The second raid came at 1:22 a.m. with no warning. Twice as many bombers returned with a massive load of incendiary bombs. The second wave was designed to spread the raging firestorm into the Grosser Garten.
It was a complete “success.” Within a few minutes a sheet of flame ripped across the grass, uprooting trees and littering the branches of others with everything from bicycles to human limbs. For days afterward, they remained bizarrely strewn about as grim reminders of Allied sadism.
Shortly after 10:30 on the morning of February 14, the last raid swept over the city. American bombers pounded the rubble that had been Dresden for a steady 38 minutes. But this attack was not nearly as heavy as the first two.
However, what distinguished this raid was the cold-blooded ruthlessness with which it was carried out. U.S. Mustangs appeared low over the city, strafing anything that moved, including a column of rescue vehicles rushing to the city to evacuate survivors. One assault was aimed at the banks of the Elbe River, where refugees had huddled during the horrible night.
In the last year of the war, Dresden had become a hospital town. During the previous night’s massacre, heroic nurses had dragged thousands of crippled patients to the Elbe. The low-flying Mustangs machine-gunned those helpless patients, as well as thousands of old men, women and children who had escaped the city.
When the last plane left the sky, Dresden was a scorched ruin, its blackened streets filled with corpses. The city was spared no horror. A flock of vultures escaped from the zoo and fattened on the carnage. Rats swarmed over the piles of corpses.
A Swiss citizen described his visit to Dresden two weeks after the raid: “I could see torn-off arms and legs, mutilated torsos and heads which had been wrenched from their bodies and rolled away. In places the corpses were still lying so densely that I had to clear a path through them in order not to tread on arms and legs.”
The death toll was staggering. The full extent of the Dresden Holocaust can be more readily grasped if one considers that well over 250,000 — possibly as many as a half a million — persons died within a 14-hour period, whereas estimates of those who died at Hiroshima range from 90,000 to 140,000.*
If ever there was a war crime, then certainly the Dresden Holocaust ranks as the most sordid one of all time. Yet there are no movies made today condemning this fiendish slaughter; nor did any Allied airman–or Sir Winston–sit in the dock at Nuremberg. In fact, the Dresden airmen were actually awarded medals for their role in this mass murder. But, of course, they could not have been tried, because there were “only following orders.”

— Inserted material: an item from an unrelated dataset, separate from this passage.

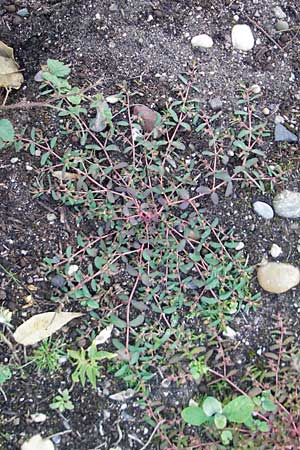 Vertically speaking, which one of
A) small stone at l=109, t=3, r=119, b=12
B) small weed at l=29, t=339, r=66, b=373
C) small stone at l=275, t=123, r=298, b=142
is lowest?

This is not to say that the mountains of corpses left in Dresden were ignored by the Nuremberg Tribunal. In one final irony, the prosecution presented photographs of the Dresden dead as “evidence” of alleged National Socialist atrocities against Jewish concentration-camp inmates!
Churchill, the monster who ordered the Dresden slaughter, was knighted, and the rest is history. The cold-blooded sadism of the massacre, however, is brushed aside by his biographers, who still cannot bring themselves to tell how the desire of one madman to “impress” another one let to the mass murder of up to a half million men, women and children.